Sparse matrix construction

def _iterate_sparse_X(X):
    """This little hack returns a densified row when iterating over a sparse
    matrix, instead of constructing a sparse matrix for every row that is
    expensive.
    """
    n_samples = X.shape[0]
    X_indices = X.indices
    X_data = X.data
    X_indptr = X.indptr
    
    for i in range(n_samples):
        row = np.zeros(X.shape[1])
        startptr, endptr = X_indptr[i], X_indptr[i + 1]
        nonzero_indices = X_indices[startptr:endptr]
        row[nonzero_indices] = X_data[startptr:endptr]
        yield row

Function of splitting leaf nodes: define two sub clusters and two CF nodes, and add the CF node to the CF sub cluster. If the incoming sub cluster is a leaf node, carry out a series of pointer transformations, calculate the distance between the centroid and the sum of squares of the sub cluster, select the matrix with the largest distance, and then select the smaller value as a sub cluster, The others belong to another sub cluster.

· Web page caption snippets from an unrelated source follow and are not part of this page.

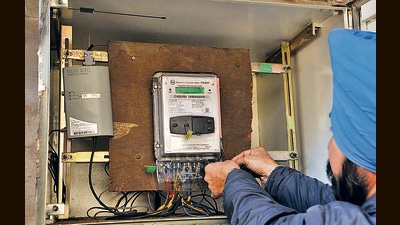 Since 2019, ₹28 crore have already been spent on installation of 24,000 smart meters as part of Smart Grid project’s pilot. (HT File Photo) Since 2019, ₹28 crore have already been spent on installation of 24,000 smart meters as part of Smart Grid project’s pilot. (HT File Photo)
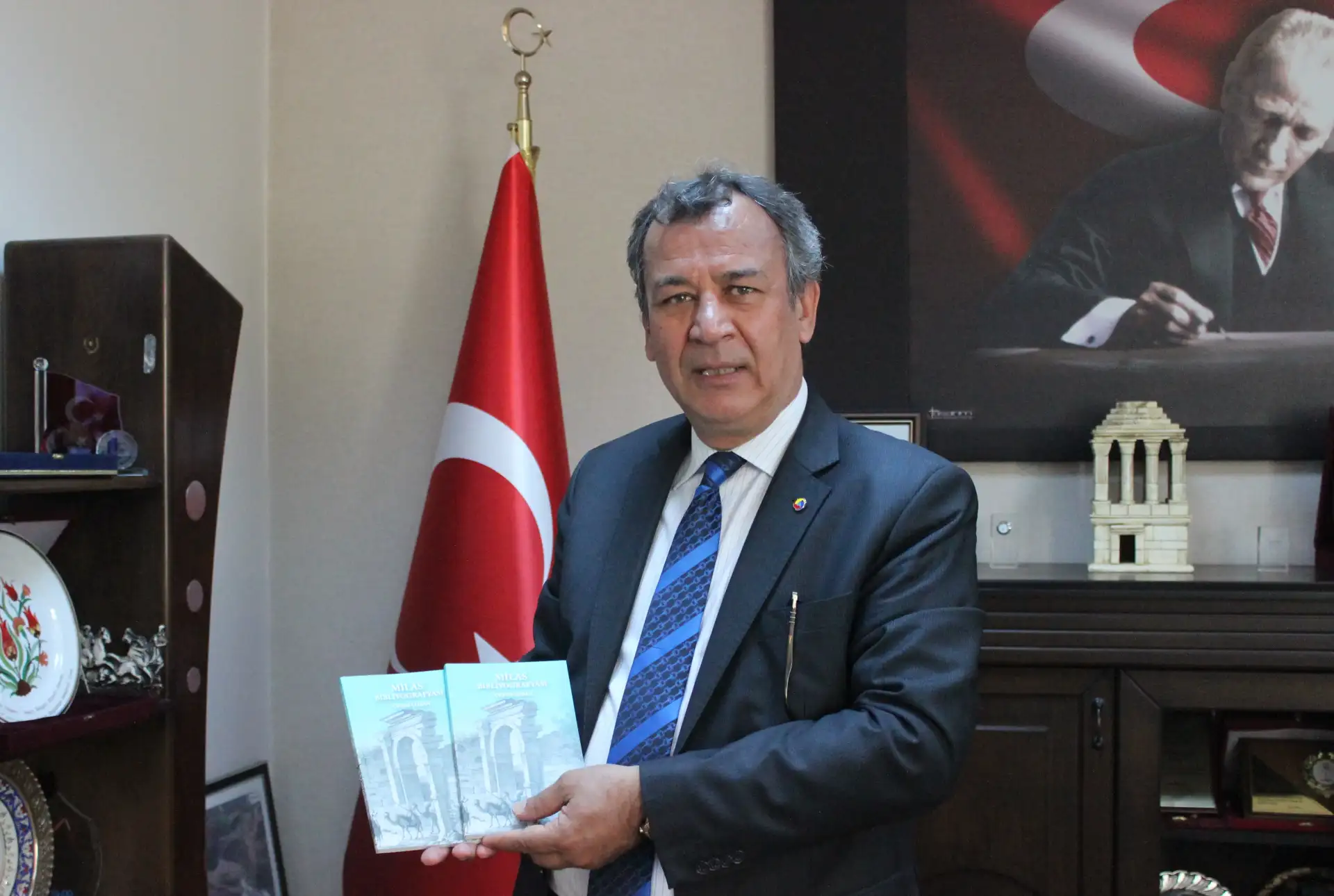 İçinde, Milas ile ilgili 1300 dolayında kitap, dergi, gazete haberi ve makalenin bilgisi var: MİLAS ÜZERİNE NE YAZILDIYSA BU KİTAPTA VAR - 4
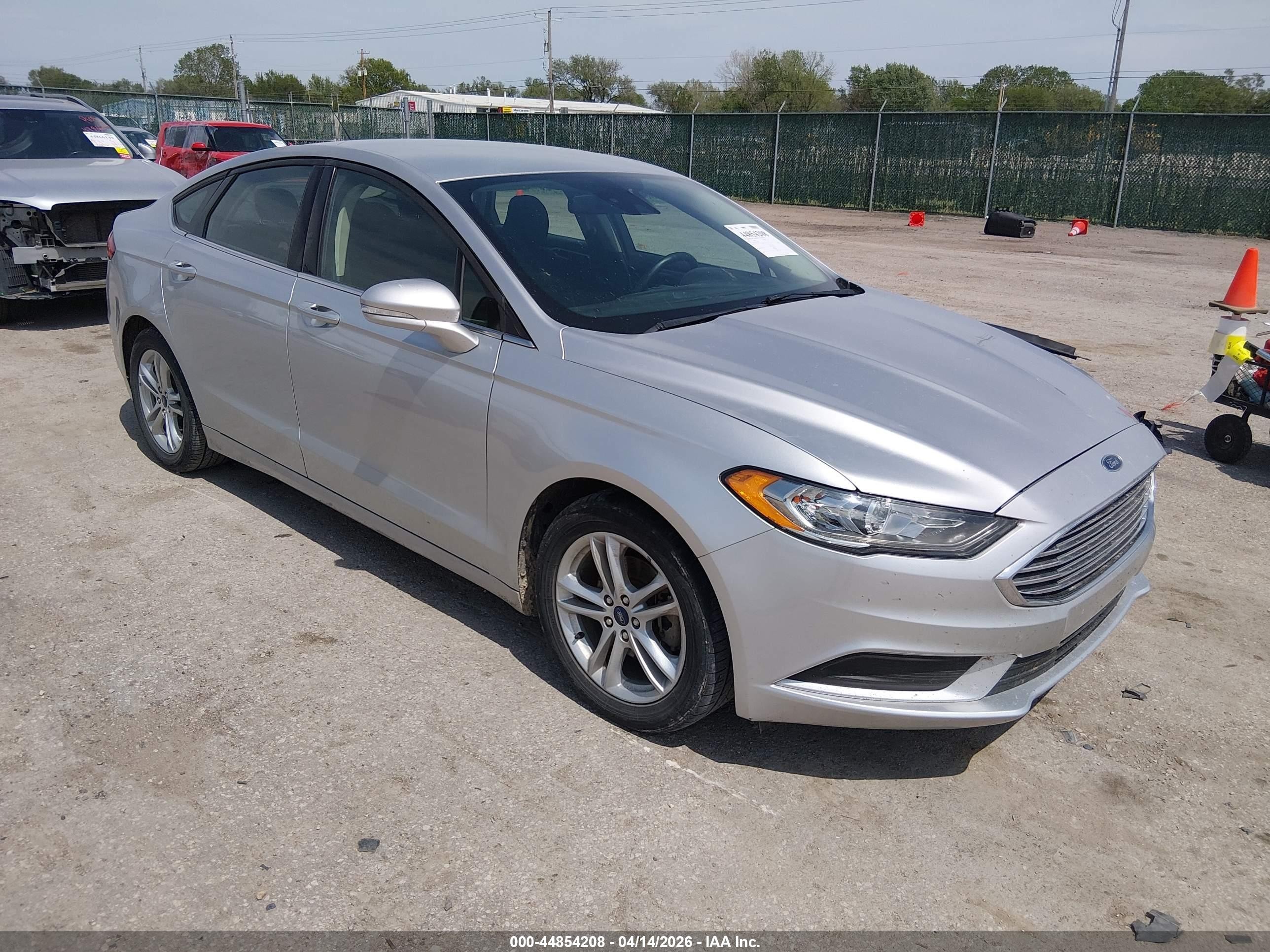 2018 FORD FUSION SE — 1/16
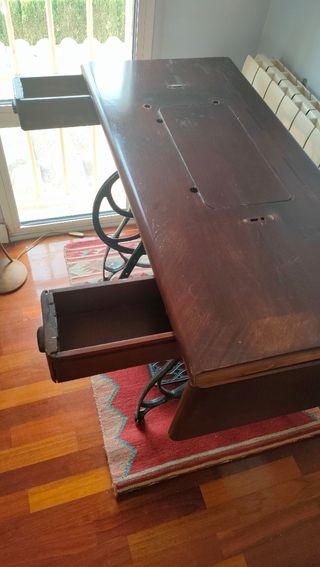 Mesa antigua maquina coser Wertheim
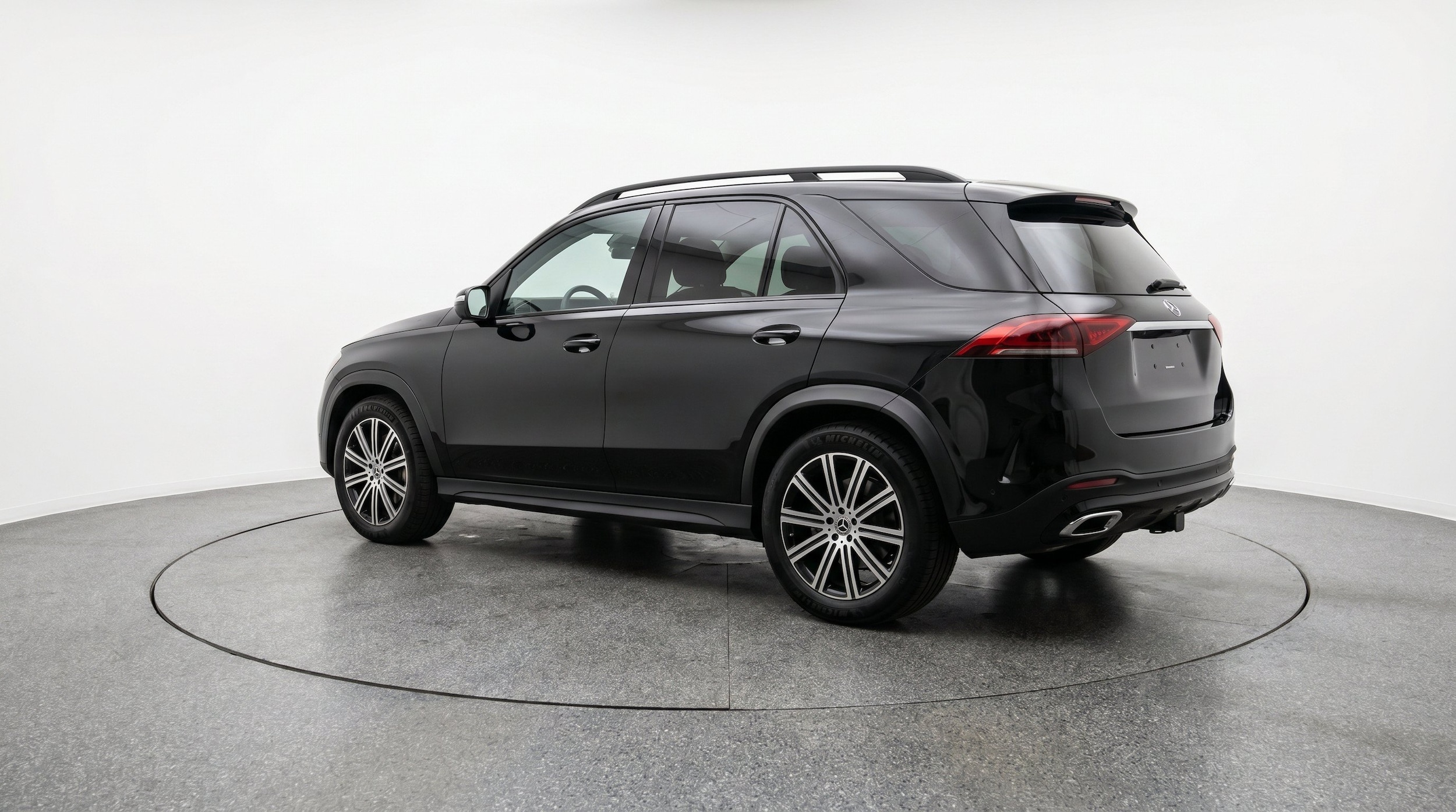 Thumbnail: 2026 Mercedes-Benz GLE - 6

def _split_node(node, threshold, branching_factor):
    """The node has to be split if there is no place for a new subcluster
    in the node.
    1. Two empty nodes and two empty subclusters are initialized.
    2. The pair of distant subclusters are found.
    3. The properties of the empty subclusters and nodes are updated
       according to the nearest distance between the subclusters to the
       pair of distant subclusters.
    4. The two nodes are set as children to the two subclusters.
    """
    new_subcluster1 = _CFSubcluster()
    new_subcluster2 = _CFSubcluster()
    new_node1 = _CFNode(
        threshold=threshold, branching_factor=branching_factor,
        is_leaf=node.is_leaf,
        n_features=node.n_features)
    new_node2 = _CFNode(
        threshold=threshold, branching_factor=branching_factor,
        is_leaf=node.is_leaf,
        n_features=node.n_features)
    new_subcluster1.child_ = new_node1
    new_subcluster2.child_ = new_node2

    if node.is_leaf:
        if node.prev_leaf_ is not None:
            node.prev_leaf_.next_leaf_ = new_node1
        new_node1.prev_leaf_ = node.prev_leaf_
        new_node1.next_leaf_ = new_node2
        new_node2.prev_leaf_ = new_node1
        new_node2.next_leaf_ = node.next_leaf_
        if node.next_leaf_ is not None:
            node.next_leaf_.prev_leaf_ = new_node2

    dist = euclidean_distances(
        node.centroids_, Y_norm_squared=node.squared_norm_, squared=True)
    n_clusters = dist.shape[0]

    farthest_idx = np.unravel_index(
        dist.argmax(), (n_clusters, n_clusters))
    node1_dist, node2_dist = dist[(farthest_idx,)]

    node1_closer = node1_dist < node2_dist
    for idx, subcluster in enumerate(node.subclusters_):
        if node1_closer[idx]:
            new_node1.append_subcluster(subcluster)
            new_subcluster1.update(subcluster)
        else:
            new_node2.append_subcluster(subcluster)
            new_subcluster2.update(subcluster)
    return new_subcluster1, new_subcluster2

Get leaf node:

    def _get_leaves(self):
        """
        Retrieve the leaves of the CF Node.

        Returns
        -------
        leaves : list of shape (n_leaves,)
            List of the leaf nodes.
        """
        leaf_ptr = self.dummy_leaf_.next_leaf_
        leaves = []
        while leaf_ptr is not None:
            leaves.append(leaf_ptr)
            leaf_ptr = leaf_ptr.next_leaf_
        return leaves

Global clustering: agglomerative clustering algorithm is added (written separately).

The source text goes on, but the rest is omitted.